Problem statement: An exact copy of every record below is needed, with all pictures removed.

[Caption-style text data]
◆ ◆ ◆ ◆ ◆
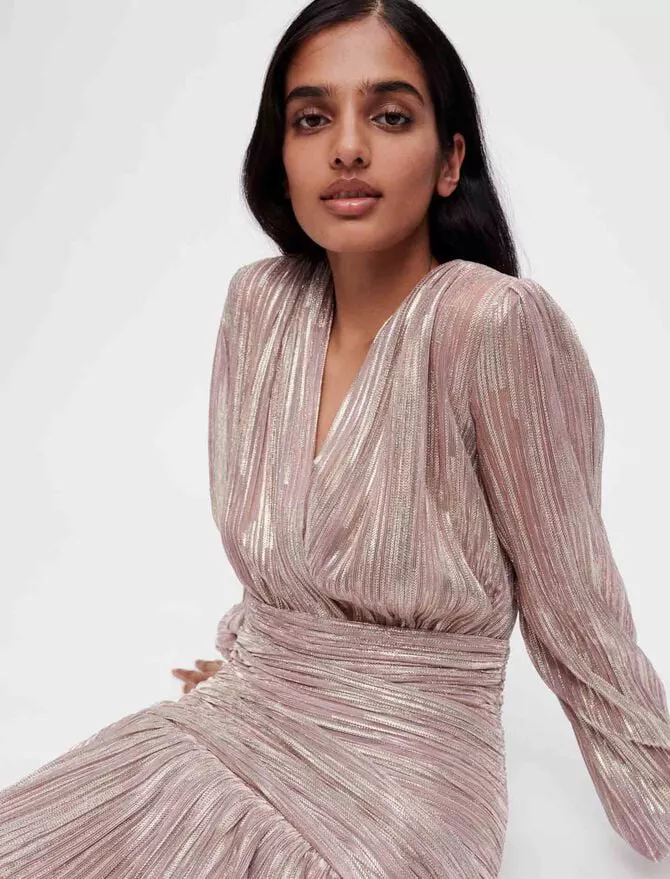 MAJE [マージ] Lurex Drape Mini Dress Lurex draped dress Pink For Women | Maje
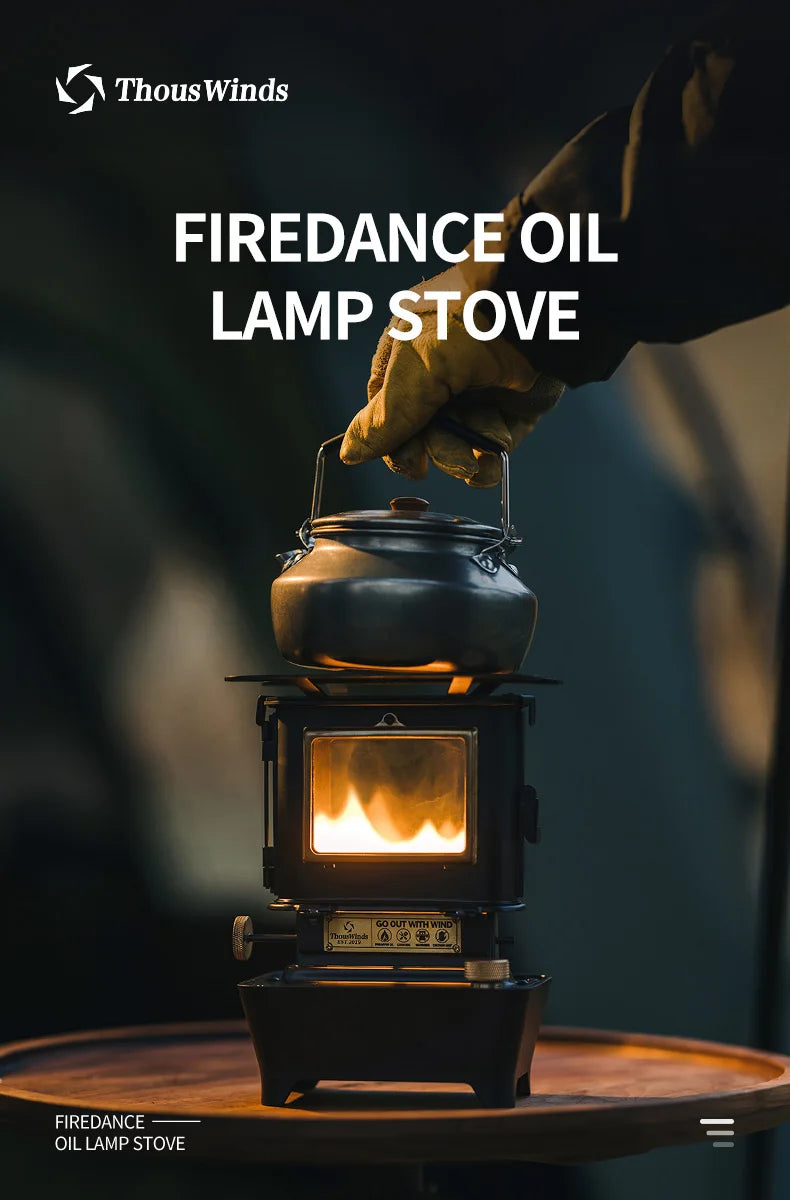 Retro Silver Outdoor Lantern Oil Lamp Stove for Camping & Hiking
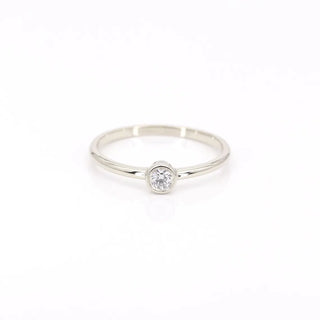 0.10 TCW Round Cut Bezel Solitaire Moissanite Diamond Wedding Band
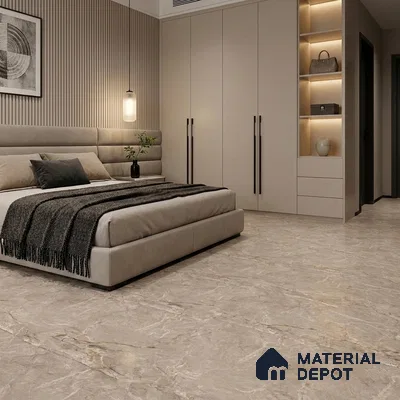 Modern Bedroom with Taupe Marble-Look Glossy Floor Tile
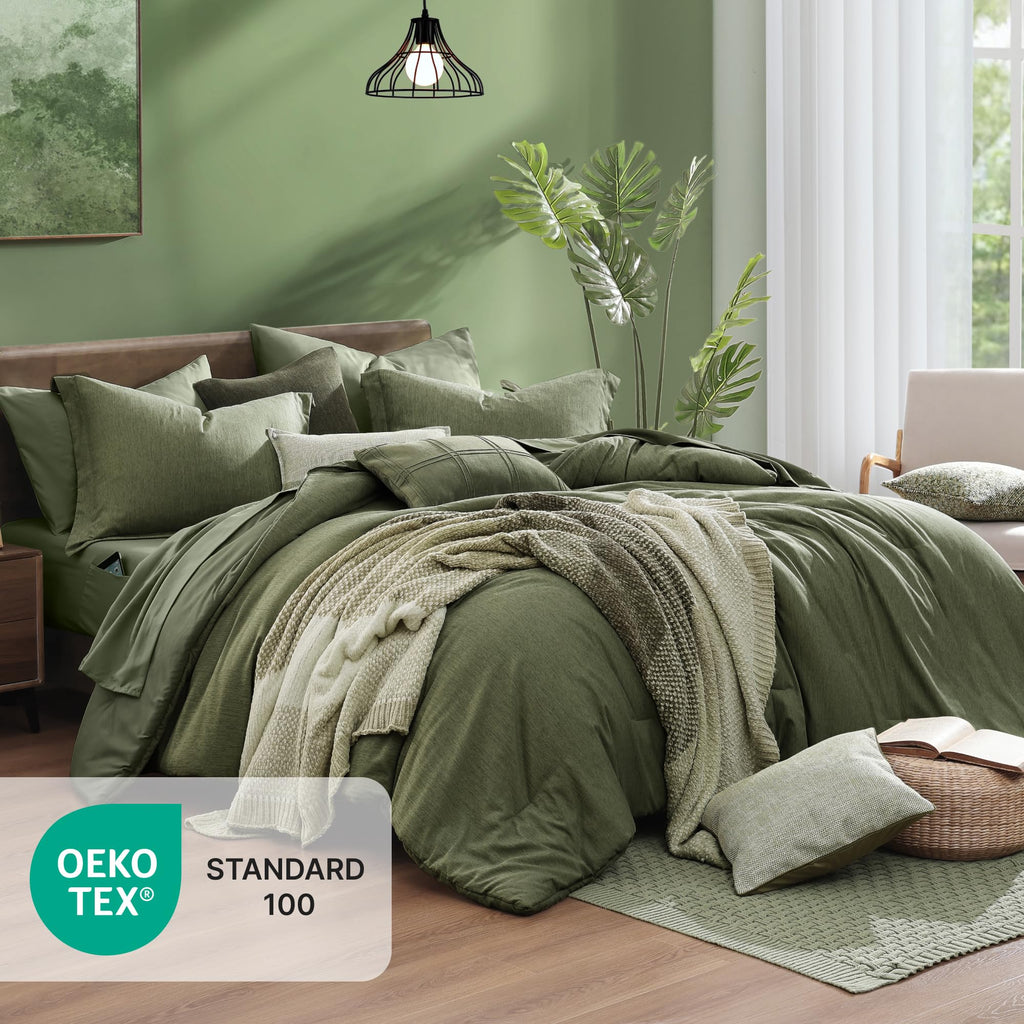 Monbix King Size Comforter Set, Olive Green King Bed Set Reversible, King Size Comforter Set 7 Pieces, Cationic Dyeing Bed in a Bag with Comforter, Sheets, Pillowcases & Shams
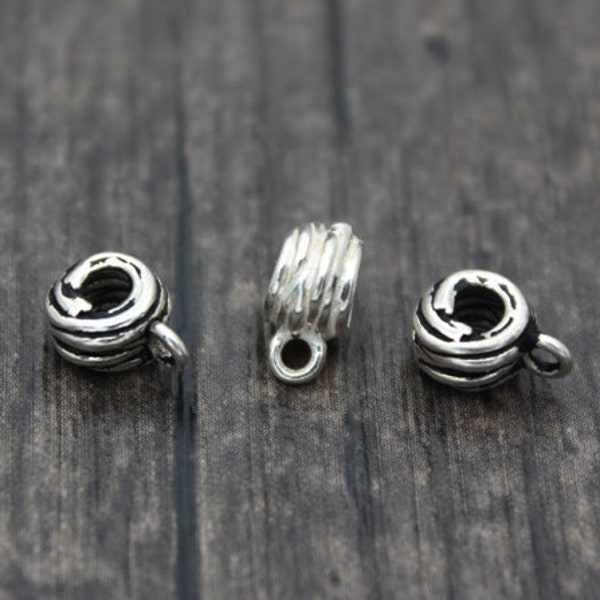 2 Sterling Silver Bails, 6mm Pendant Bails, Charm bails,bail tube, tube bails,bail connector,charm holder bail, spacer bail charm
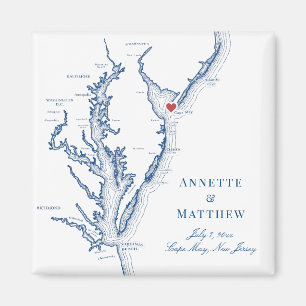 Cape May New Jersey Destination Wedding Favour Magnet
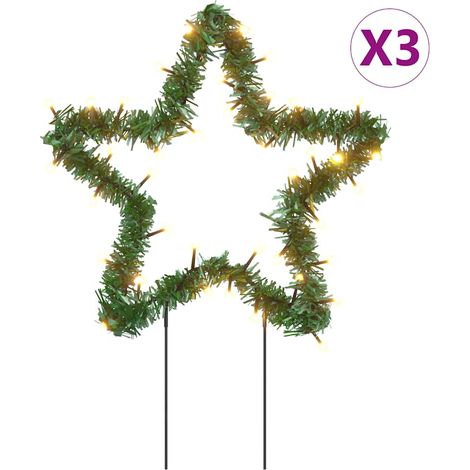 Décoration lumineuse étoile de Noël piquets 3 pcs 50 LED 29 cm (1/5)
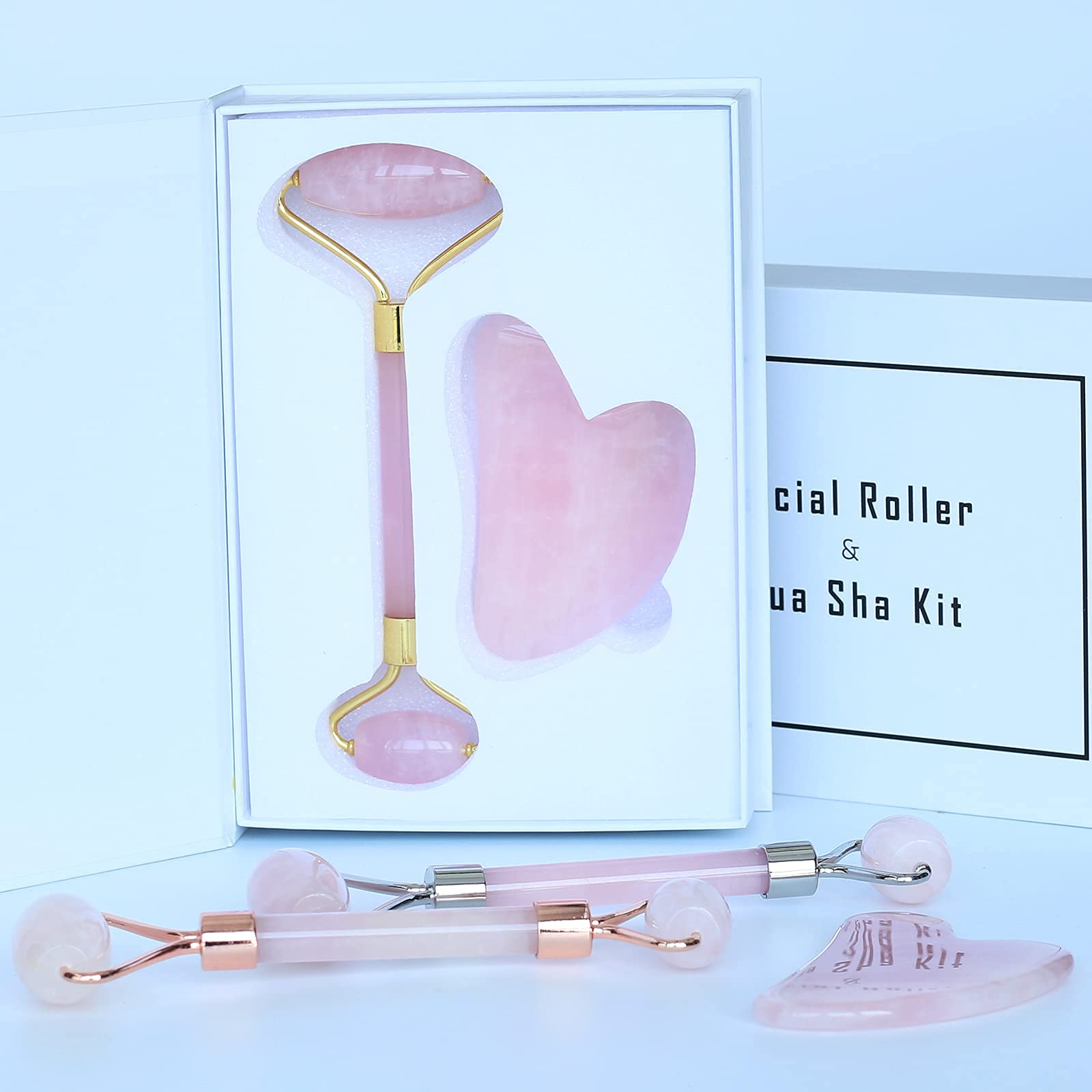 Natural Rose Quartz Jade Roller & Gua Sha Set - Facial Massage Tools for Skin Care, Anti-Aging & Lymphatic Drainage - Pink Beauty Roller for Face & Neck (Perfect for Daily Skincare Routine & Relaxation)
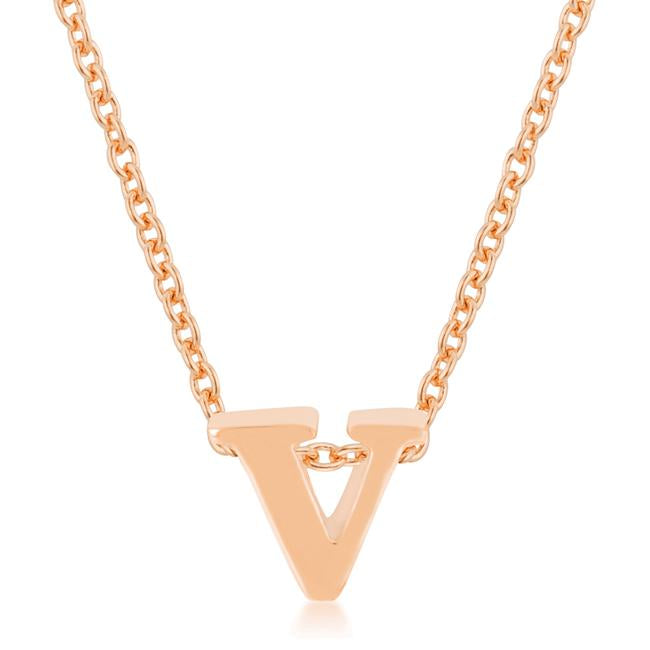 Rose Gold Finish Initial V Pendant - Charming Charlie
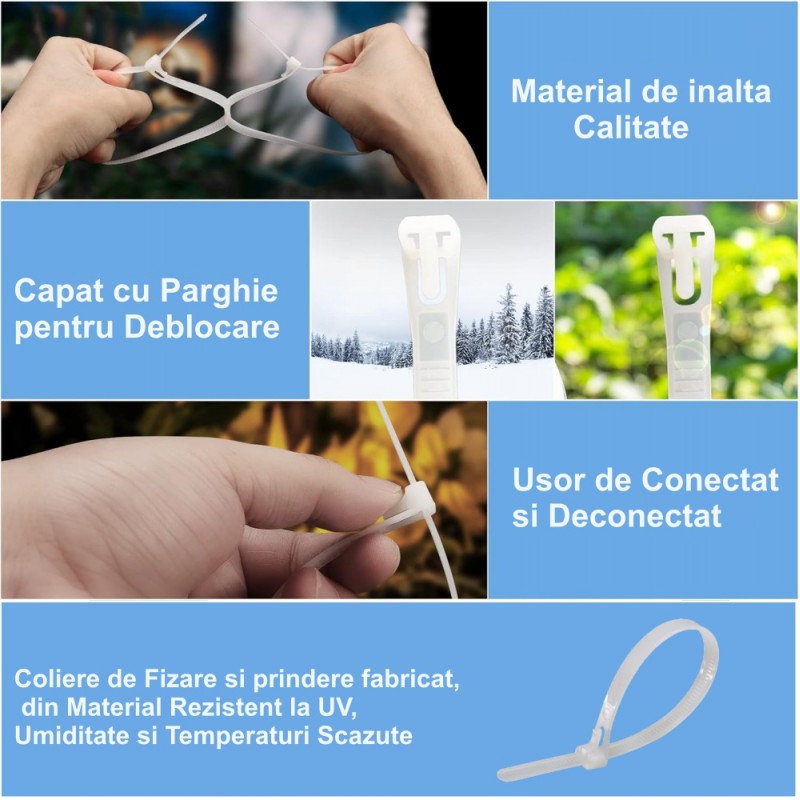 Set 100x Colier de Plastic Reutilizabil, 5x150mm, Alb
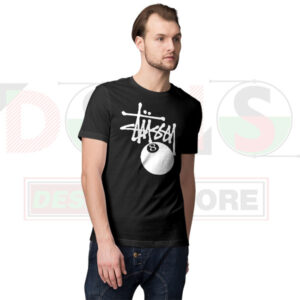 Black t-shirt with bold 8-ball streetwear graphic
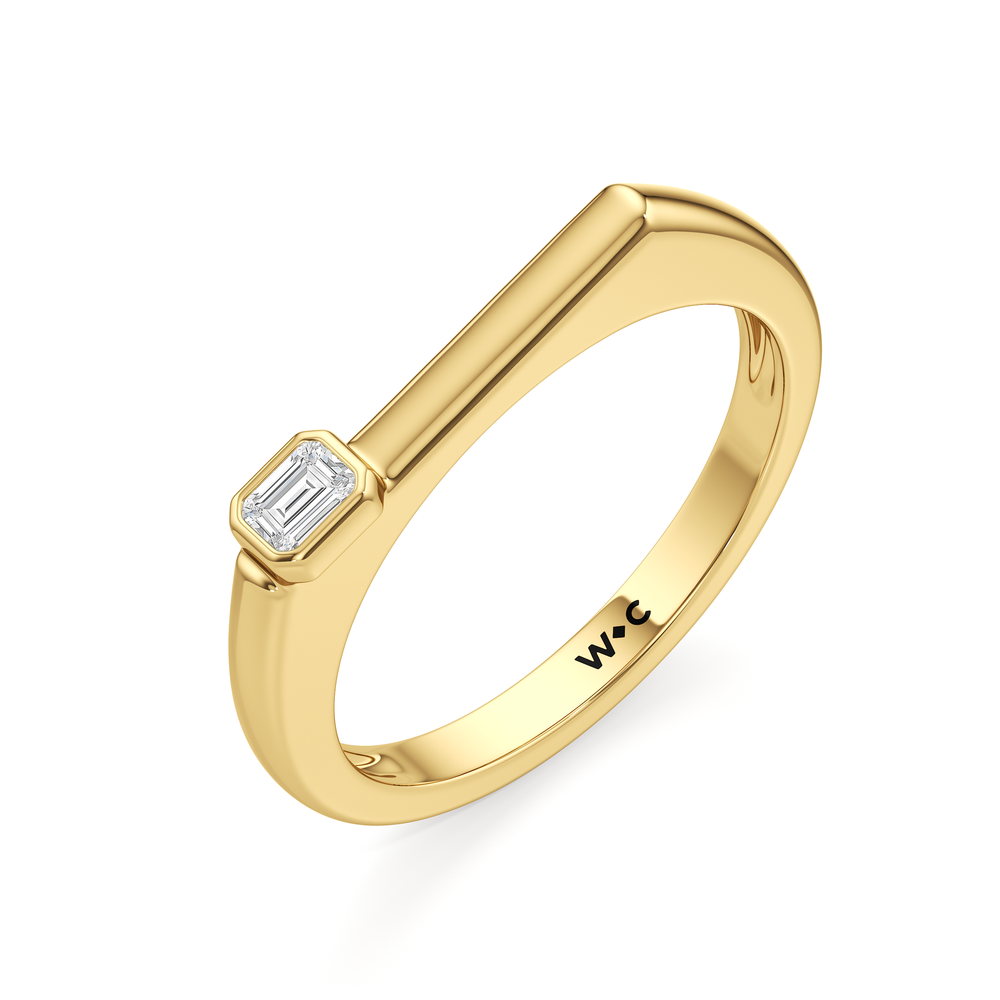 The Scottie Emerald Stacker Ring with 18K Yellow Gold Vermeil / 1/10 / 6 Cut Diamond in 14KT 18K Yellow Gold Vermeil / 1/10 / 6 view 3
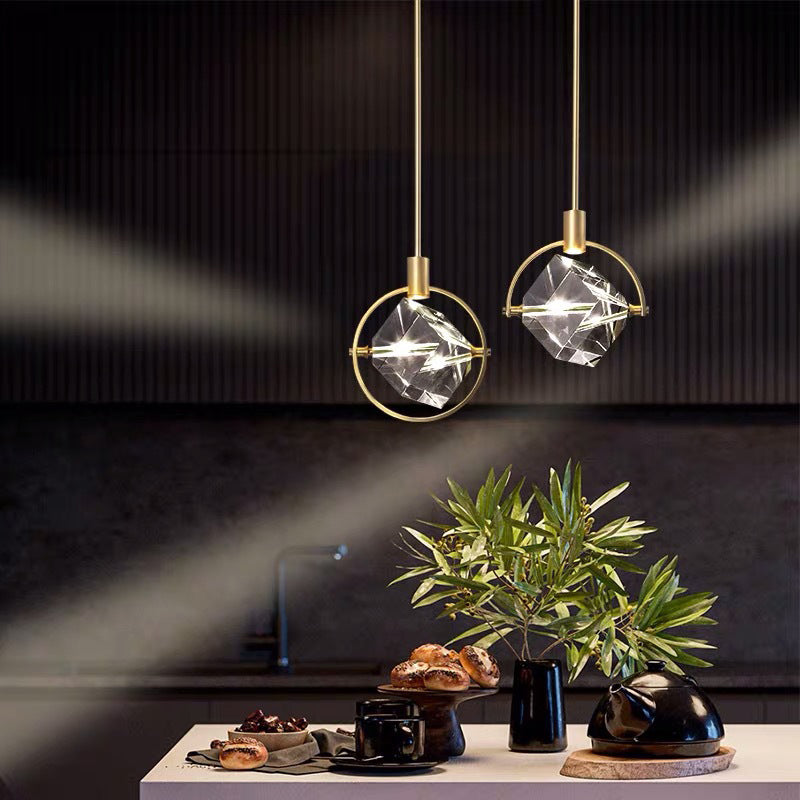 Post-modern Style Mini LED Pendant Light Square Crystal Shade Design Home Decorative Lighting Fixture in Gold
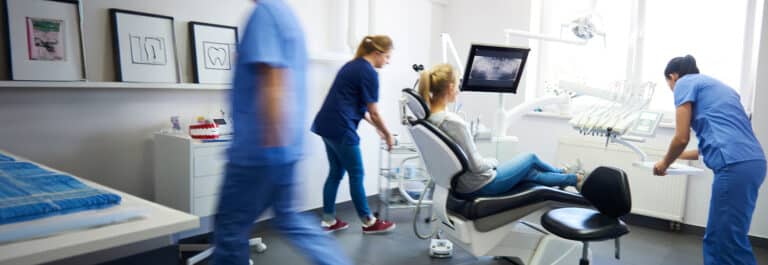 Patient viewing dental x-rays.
◆ ◆ ◆ ◆ ◆
Exercise response:
 MAJE [マージ] Lurex Drape Mini Dress Lurex draped dress Pink For Women | Maje
 Retro Silver Outdoor Lantern Oil Lamp Stove for Camping & Hiking
 0.10 TCW Round Cut Bezel Solitaire Moissanite Diamond Wedding Band
 Modern Bedroom with Taupe Marble-Look Glossy Floor Tile
 Monbix King Size Comforter Set, Olive Green King Bed Set Reversible, King Size Comforter Set 7 Pieces, Cationic Dyeing Bed in a Bag with Comforter, Sheets, Pillowcases & Shams
 2 Sterling Silver Bails, 6mm Pendant Bails, Charm bails,bail tube, tube bails,bail connector,charm holder bail, spacer bail charm
 Cape May New Jersey Destination Wedding Favour Magnet
 Décoration lumineuse étoile de Noël piquets 3 pcs 50 LED 29 cm (1/5)
 Natural Rose Quartz Jade Roller & Gua Sha Set - Facial Massage Tools for Skin Care, Anti-Aging & Lymphatic Drainage - Pink Beauty Roller for Face & Neck (Perfect for Daily Skincare Routine & Relaxation)
 Rose Gold Finish Initial V Pendant - Charming Charlie
 Set 100x Colier de Plastic Reutilizabil, 5x150mm, Alb
 Black t-shirt with bold 8-ball streetwear graphic
 The Scottie Emerald Stacker Ring with 18K Yellow Gold Vermeil / 1/10 / 6 Cut Diamond in 14KT 18K Yellow Gold Vermeil / 1/10 / 6 view 3
 Post-modern Style Mini LED Pendant Light Square Crystal Shade Design Home Decorative Lighting Fixture in Gold
 Patient viewing dental x-rays.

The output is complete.